▸ **Data items**:

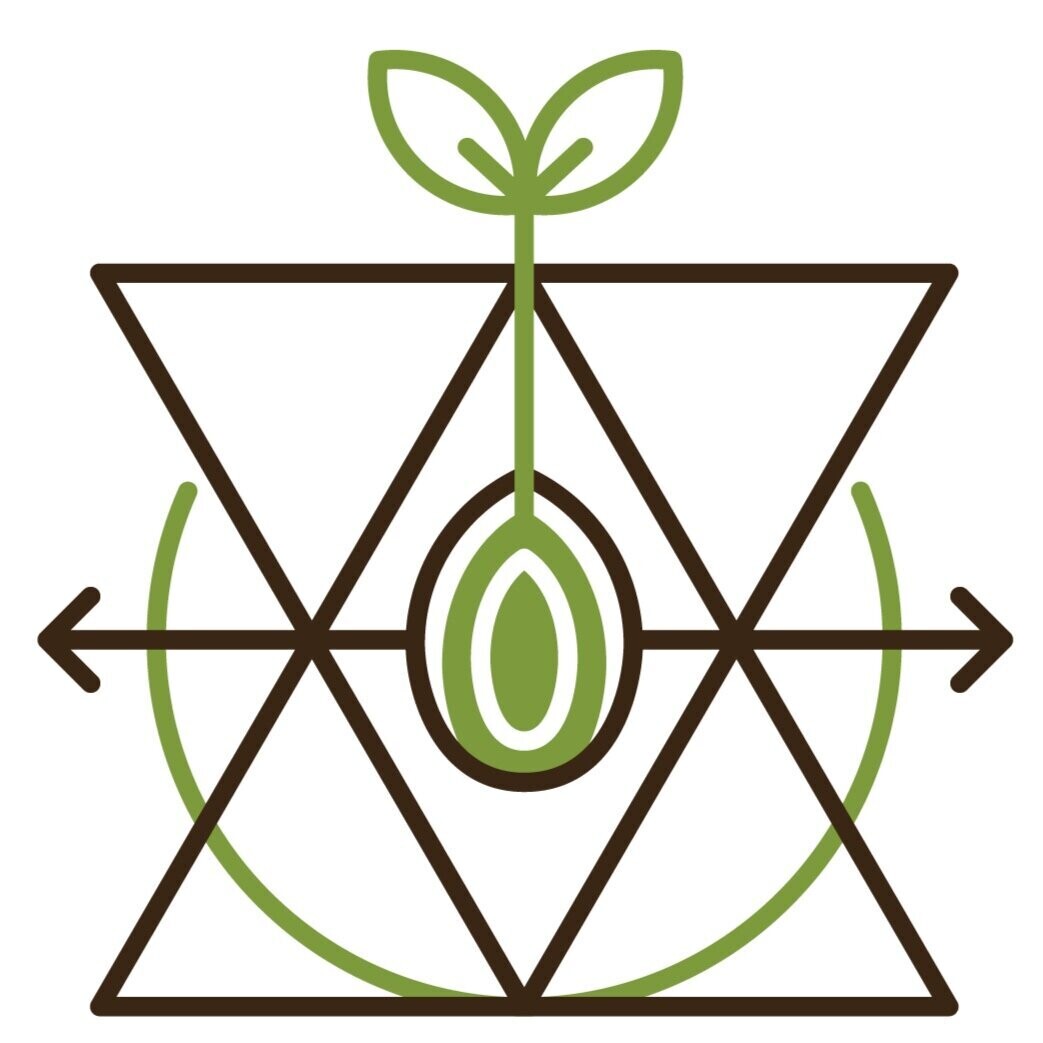 Carmagnola CS Seeds Carmagnola CS Seeds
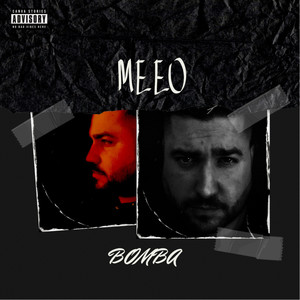 Bomba (Explicit)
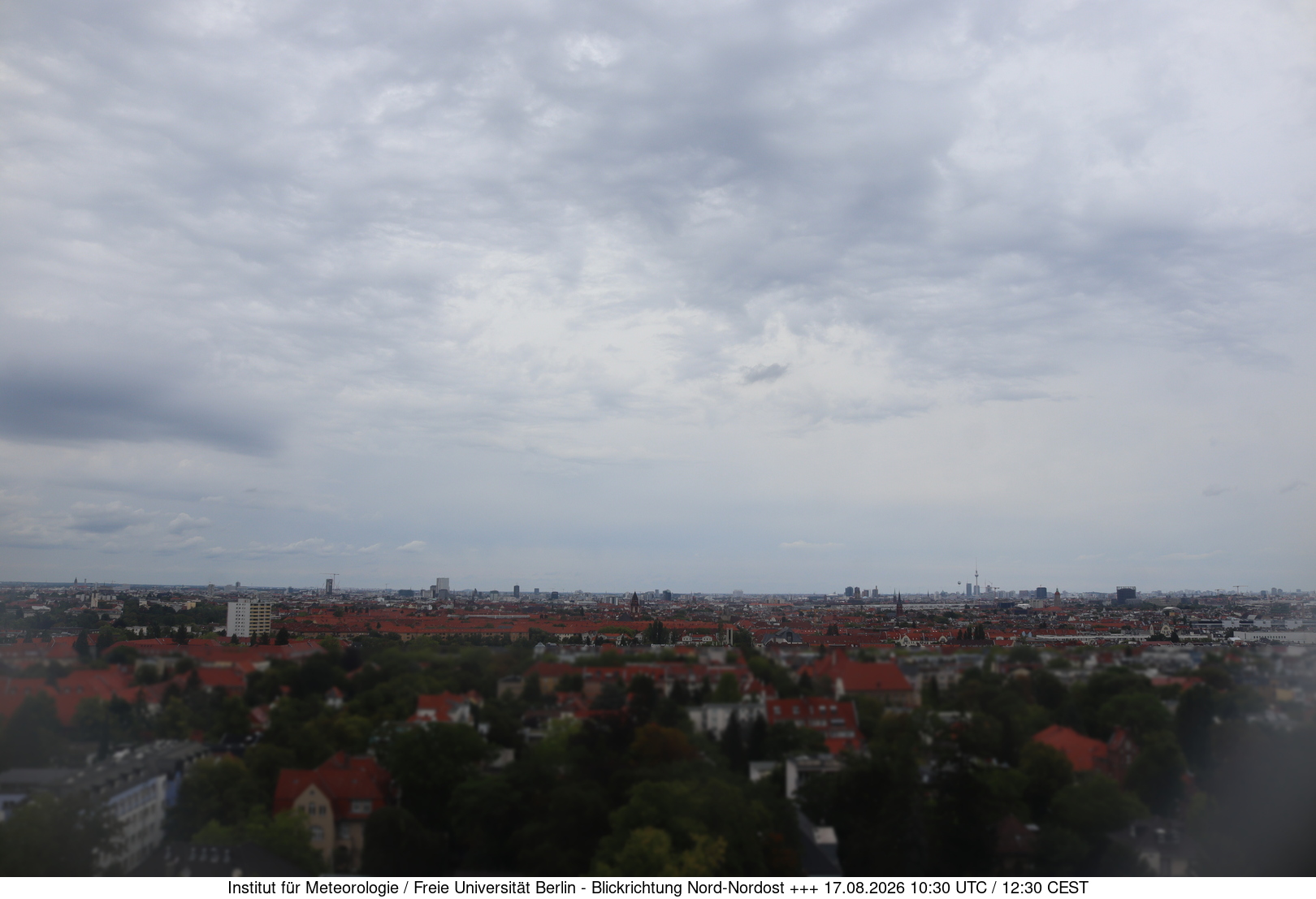 https://wind.met.fu-berlin.de/webcams/5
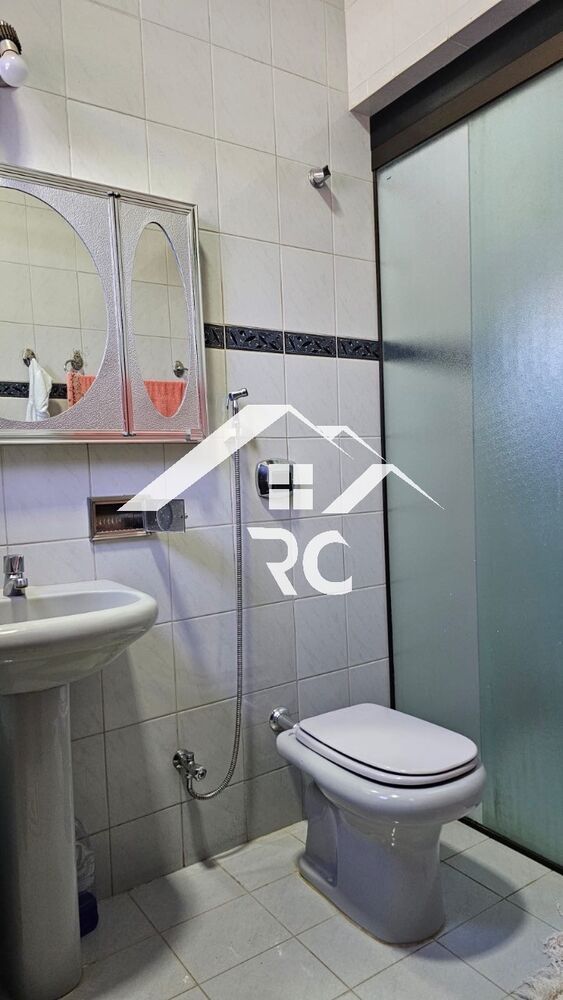 Casa, 4 quartos - Foto 3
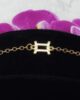 Gemini Zodiac Sign Bracelet Charm Bracelets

▸ **To do**: Reproduce exactly and only the lines from the "https://wind.met.fu-berlin.de/webcams/5" line to the last line of the records above. Do not carry over any pictures.

▸ **Your solution**:
 https://wind.met.fu-berlin.de/webcams/5
 Casa, 4 quartos - Foto 3
 Gemini Zodiac Sign Bracelet Charm Bracelets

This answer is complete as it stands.